## WHAT IS NEEDED
Set each record down exactly, excluding all images.

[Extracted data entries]
━━━━━━

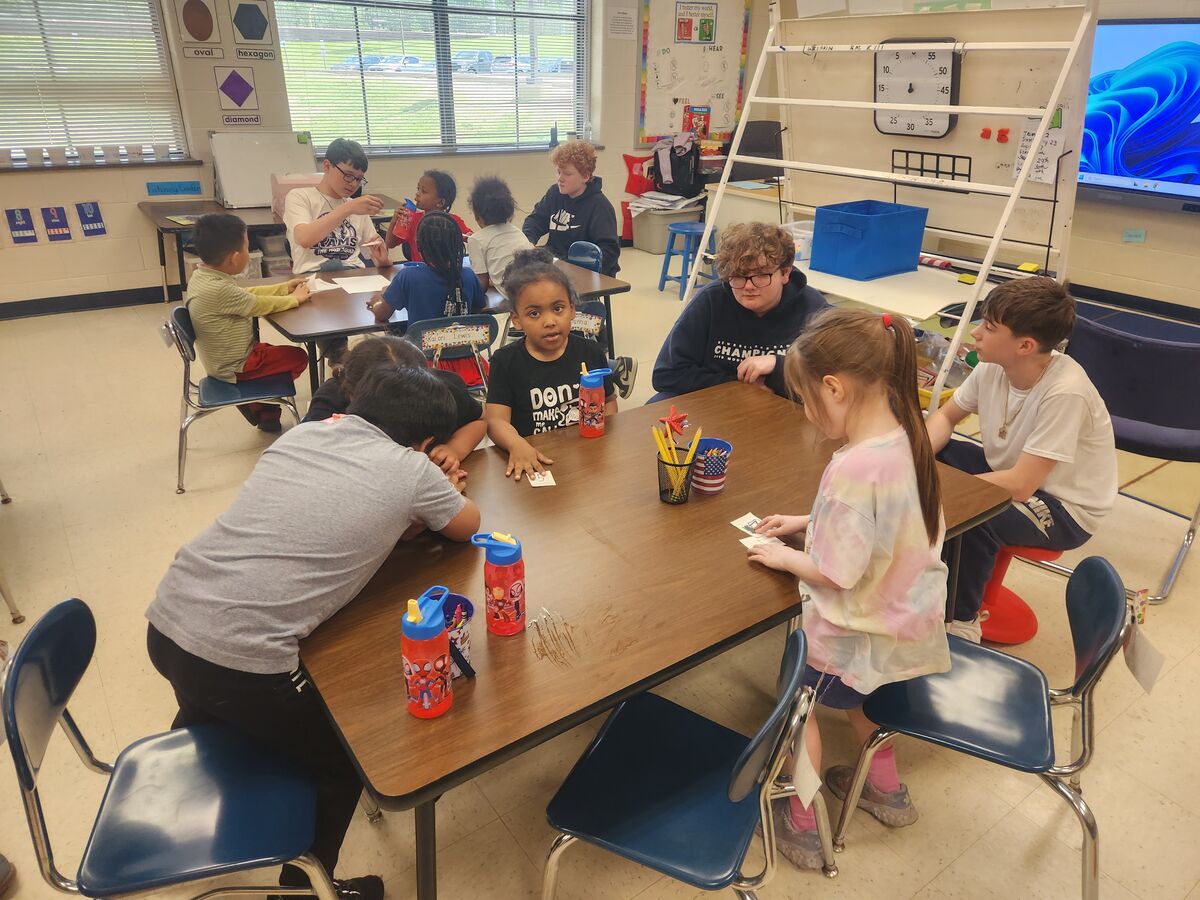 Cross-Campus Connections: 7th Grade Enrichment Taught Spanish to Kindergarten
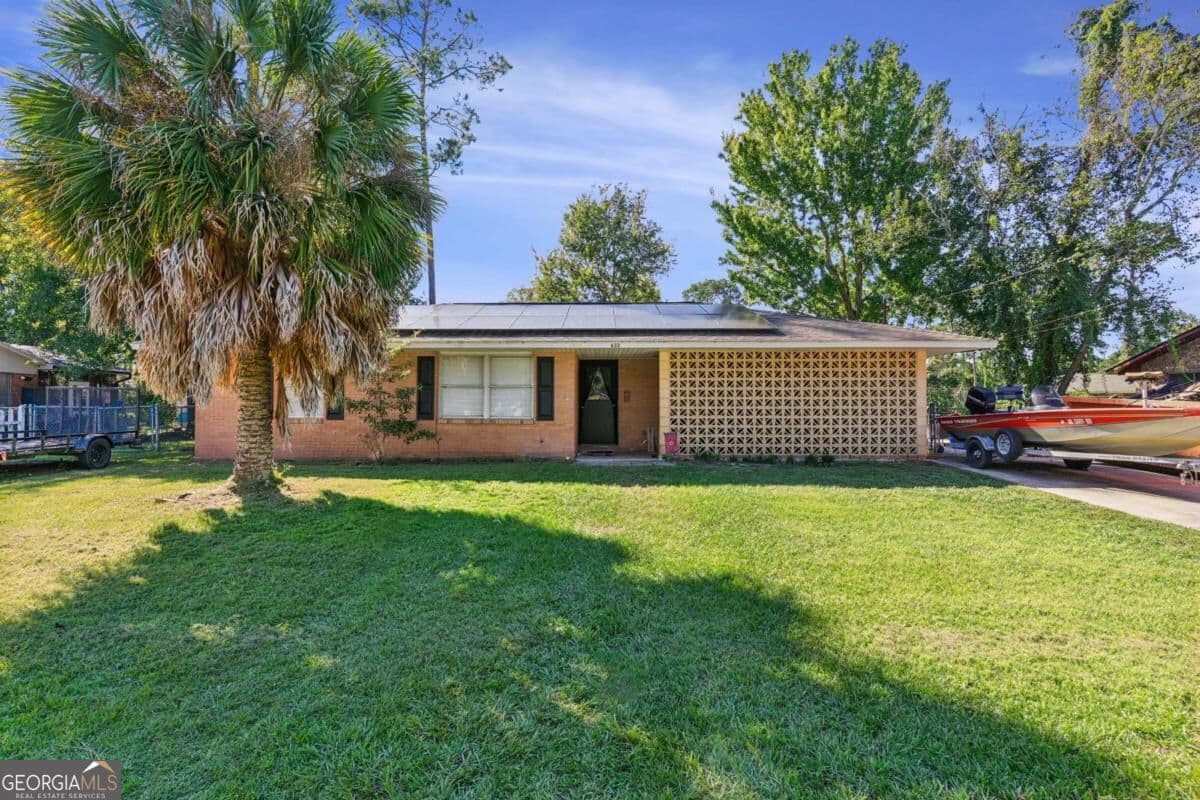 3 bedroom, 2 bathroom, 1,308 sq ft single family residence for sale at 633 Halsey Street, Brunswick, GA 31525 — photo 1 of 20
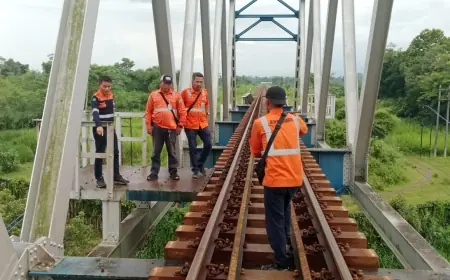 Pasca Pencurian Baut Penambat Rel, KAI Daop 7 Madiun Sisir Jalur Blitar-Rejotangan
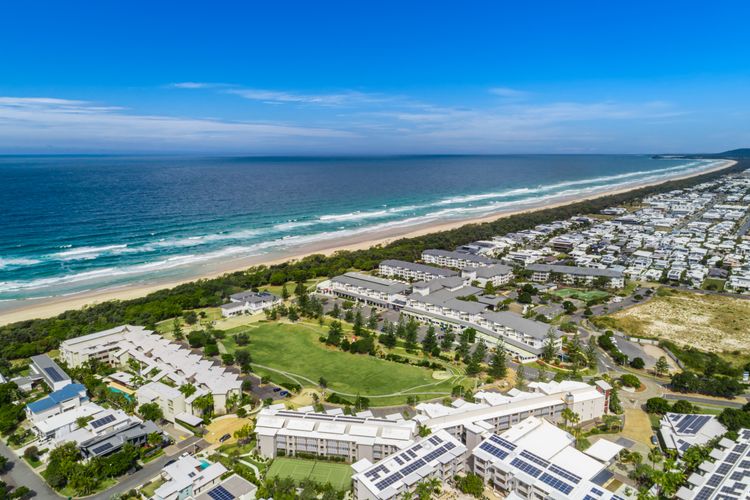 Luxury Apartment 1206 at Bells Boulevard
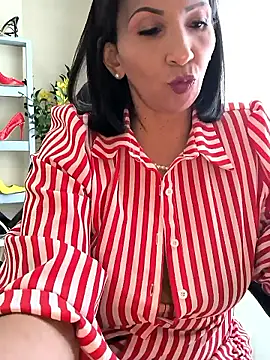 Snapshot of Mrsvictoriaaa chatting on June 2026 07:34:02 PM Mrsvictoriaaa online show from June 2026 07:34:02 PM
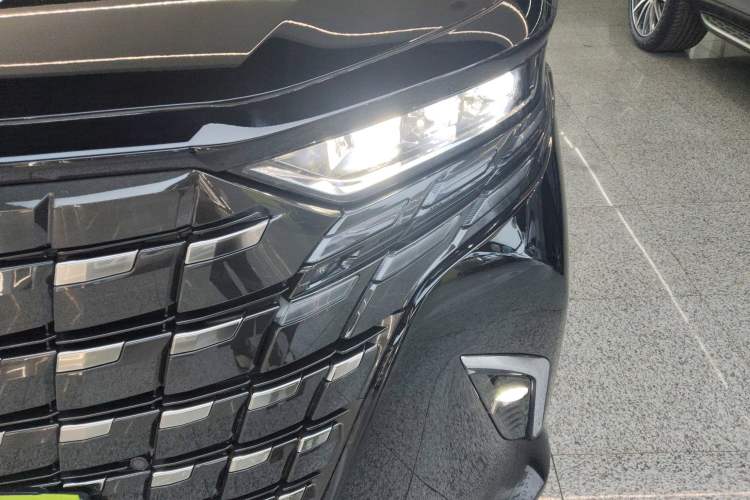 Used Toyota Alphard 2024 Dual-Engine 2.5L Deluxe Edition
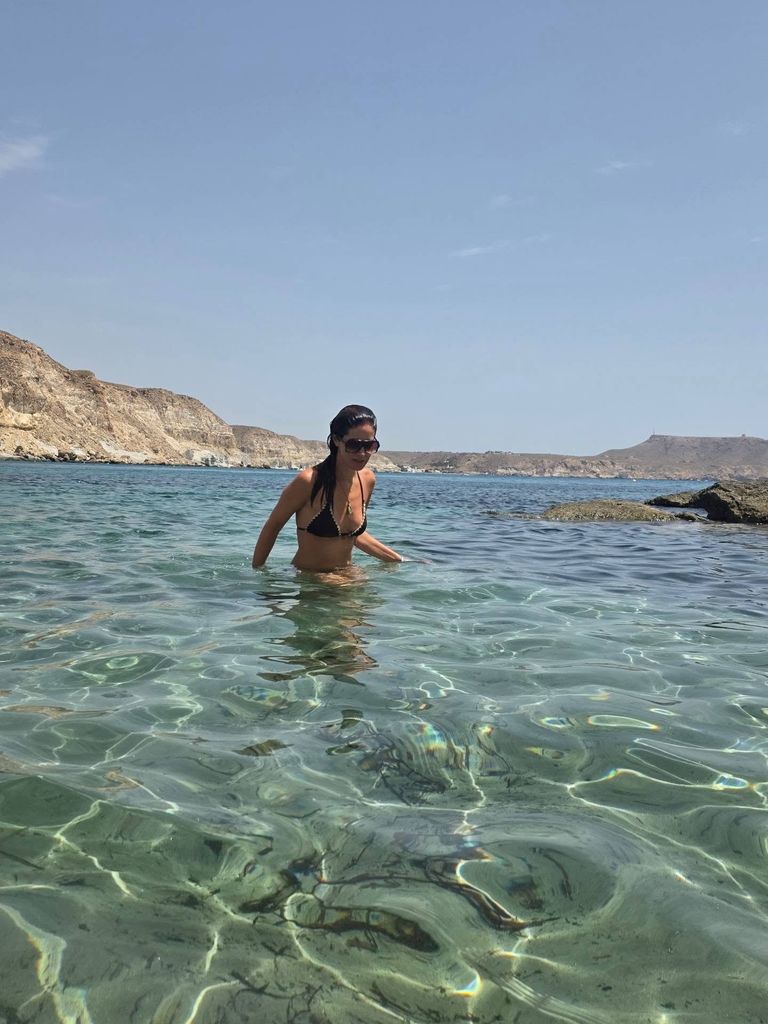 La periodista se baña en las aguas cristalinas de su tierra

━━━━━━

## WRITTEN SOLUTION
 Cross-Campus Connections: 7th Grade Enrichment Taught Spanish to Kindergarten
 3 bedroom, 2 bathroom, 1,308 sq ft single family residence for sale at 633 Halsey Street, Brunswick, GA 31525 — photo 1 of 20
 Pasca Pencurian Baut Penambat Rel, KAI Daop 7 Madiun Sisir Jalur Blitar-Rejotangan
 Luxury Apartment 1206 at Bells Boulevard
 Snapshot of Mrsvictoriaaa chatting on June 2026 07:34:02 PM Mrsvictoriaaa online show from June 2026 07:34:02 PM
 Used Toyota Alphard 2024 Dual-Engine 2.5L Deluxe Edition
 La periodista se baña en las aguas cristalinas de su tierra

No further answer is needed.